__WHAT TO WORK ON__:
The entries that follow should be repeated exactly, with no pictures kept.

__RECORDED DATA__:
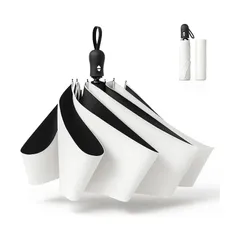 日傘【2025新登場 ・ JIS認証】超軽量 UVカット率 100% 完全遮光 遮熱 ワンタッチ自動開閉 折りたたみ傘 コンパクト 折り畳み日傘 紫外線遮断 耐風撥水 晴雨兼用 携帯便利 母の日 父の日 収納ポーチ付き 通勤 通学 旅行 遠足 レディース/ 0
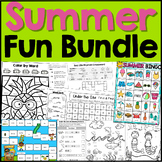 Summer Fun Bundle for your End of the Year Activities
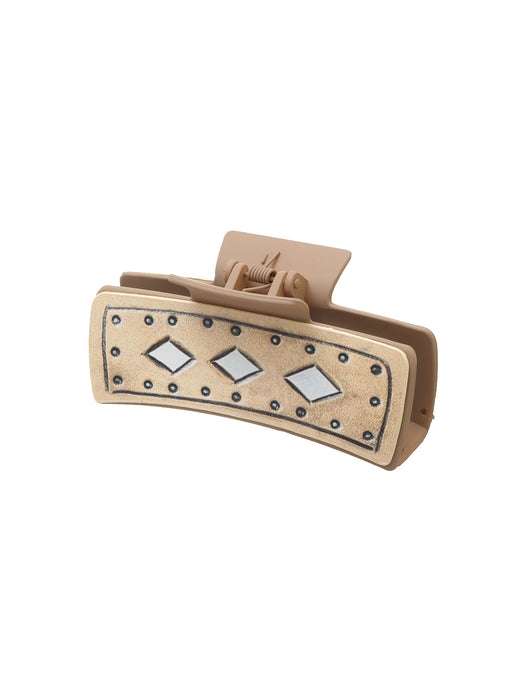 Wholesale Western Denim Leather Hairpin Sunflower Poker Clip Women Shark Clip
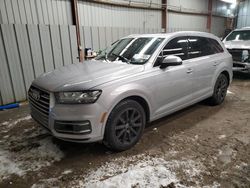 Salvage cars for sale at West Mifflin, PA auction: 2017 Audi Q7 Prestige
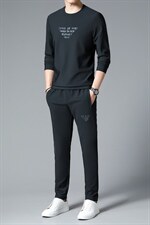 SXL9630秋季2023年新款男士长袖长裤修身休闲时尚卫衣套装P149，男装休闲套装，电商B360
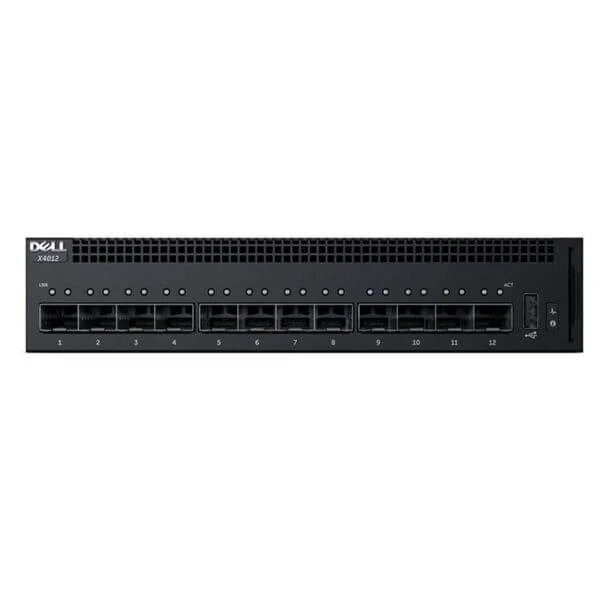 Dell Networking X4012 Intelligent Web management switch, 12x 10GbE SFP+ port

__FINAL ANSWER__:
 日傘【2025新登場 ・ JIS認証】超軽量 UVカット率 100% 完全遮光 遮熱 ワンタッチ自動開閉 折りたたみ傘 コンパクト 折り畳み日傘 紫外線遮断 耐風撥水 晴雨兼用 携帯便利 母の日 父の日 収納ポーチ付き 通勤 通学 旅行 遠足 レディース/ 0
 Summer Fun Bundle for your End of the Year Activities
 Wholesale Western Denim Leather Hairpin Sunflower Poker Clip Women Shark Clip
 Salvage cars for sale at West Mifflin, PA auction: 2017 Audi Q7 Prestige
 SXL9630秋季2023年新款男士长袖长裤修身休闲时尚卫衣套装P149，男装休闲套装，电商B360
 Dell Networking X4012 Intelligent Web management switch, 12x 10GbE SFP+ port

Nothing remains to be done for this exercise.